An addendum to Ed’s post this morning. Per WaPo, it’s not just the forensic evidence that’s backing Wilson up.

[M]ore than a half-dozen unnamed black witnesses have provided testimony to a St. Louis County grand jury that supports Wilson’s account of events of Aug. 9, according to several people familiar with the investigation who spoke with The Washington Post.

Some of the physical evidence — including blood spatter analysis, shell casings and ballistics tests — also supports Wilson’s account of the shooting, the Post sources said, which cast Brown as an aggressor who threatened the officer’s life. The sources spoke on condition of anonymity because they are prohibited from publicly discussing the case…

Benjamin L. Crump, a lawyer for the Brown family, said Brown’s family and supporters will not be persuaded by the autopsy report or eyewitness statements that back Wilson’s account of the incident

Exactly how high Brown’s hands were has been inconsistent in the accounts, and at least one witness said that after Brown was shot, he appeared to take a step toward Wilson.

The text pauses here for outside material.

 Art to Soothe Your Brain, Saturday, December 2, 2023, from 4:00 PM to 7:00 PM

That witness said, however, Brown had his arms around his stomach before hitting the ground.

The Post doesn’t specify which details from Wilson’s account were supported by the witnesses (none of whom want to be named, of course, lest they face reprisals for being honest). Did they corroborate the fight in the front seat of the squad car when, Wilson claims, Brown grabbed his gun? The physical evidence supports that too: One forensic pathologist who reviewed the autopsy report noted that Brown’s hand wound wouldn’t have had gunpowder particulate in it unless his hand had been on or right next to Wilson’s gun. Two shell casings were also found in Wilson’s squad car, per the Post, supporting the fact that the gun was discharged twice inside the vehicle. Or did the witnesses corroborate the fatal shooting later, after Brown had moved away from the car and Wilson had gotten out? That’s what the case will turn on: If Wilson ends up being indicted, prosecutors will argue that, yes, Brown might have reached for Wilson’s gun but the subsequent shooting was unnecessary. Brown was already wounded; Wilson was shooting out of rage, not to repel a mortal threat.

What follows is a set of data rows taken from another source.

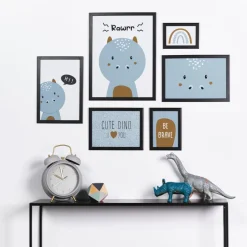 Set de 6 Cadres Noirs - Dino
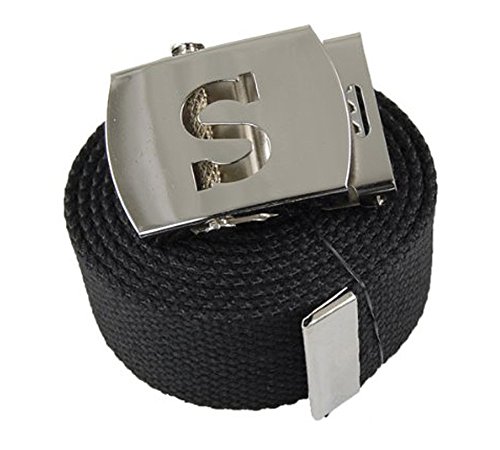 BodyJewelryOnline Capital Initial S Canvas Military Web Black Belt & Silver Buckle 60 Inch
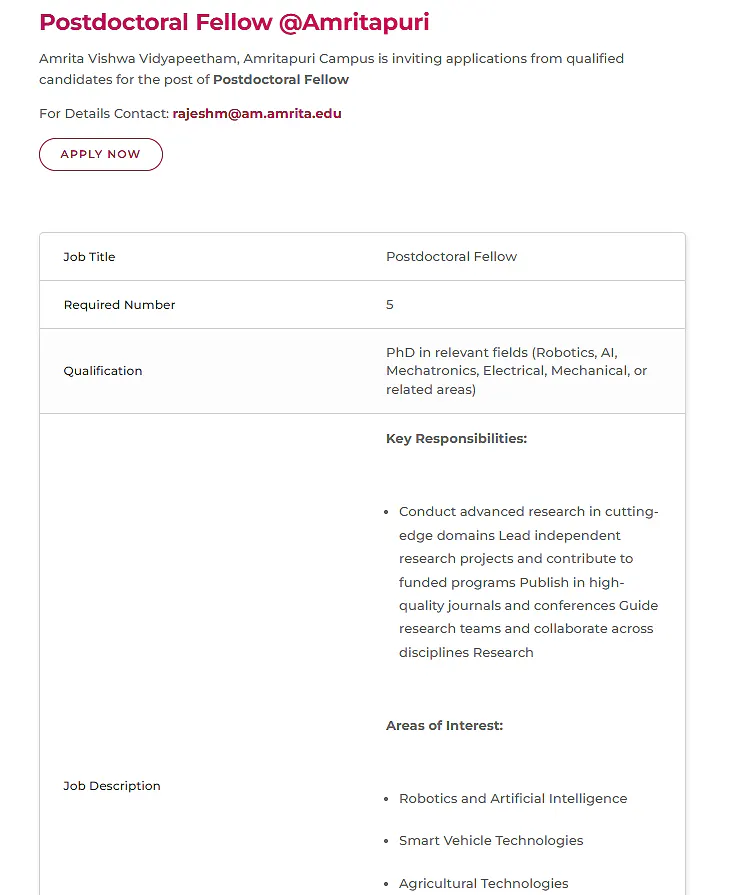 Postdoctoral Fellow Recruitment 2026 at Amrita Vishwa Vidyapeetham, Amritapuri Campus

Realistically, though, how likely is it that he’s going to be indicted at this point? Crump says he has seven witnesses who’ll say that Wilson gunned Brown down unjustifiably. Great, says the defense, we have seven witnesses who say the opposite plus a pile of forensic evidence that shows Brown, who’d just committed a robbery at the local convenience store, not only assaulted a police officer but attempted to seize his firearm. There’s little doubt, barring some bombshell evidence that the public doesn’t know about, that Wilson’s not going to be convicted. The question now is whether he’ll be charged. One theory for all the leaks lately is that law enforcement is trying to prepare the public for the fact that grand jury is unlikely to return an indictment, but I don’t know: Given what Crump said in the excerpt above plus protesters vowing that “it’s going to be a war” if Wilson isn’t charged, sounds like releasing the evidence early isn’t going to calm anyone down. On the contrary, it may be that this is being leaked because Wilson supporters fear that he’ll be unfairly indicted anyway for political reasons, even though there’s no probable cause to think he murdered Brown. That’s probably the outcome city leaders would prefer — indictment followed by acquittal so that they can say the system took the incident seriously enough to force Wilson to defend his actions in open court. Think that result would calm people down? Me neither.

One more odd detail from WaPo’s story: “The Post sources said the levels in Brown’s body may have been high enough to trigger hallucinations.” Er, okay, but isn’t the fact that Brown had just apparently committed a crime minutes before Wilson rolled up a more likely explanation for why he got aggressive? He had obvious reasons to fear police scrutiny at the time. Reefer madness seems like an odd theory of the case.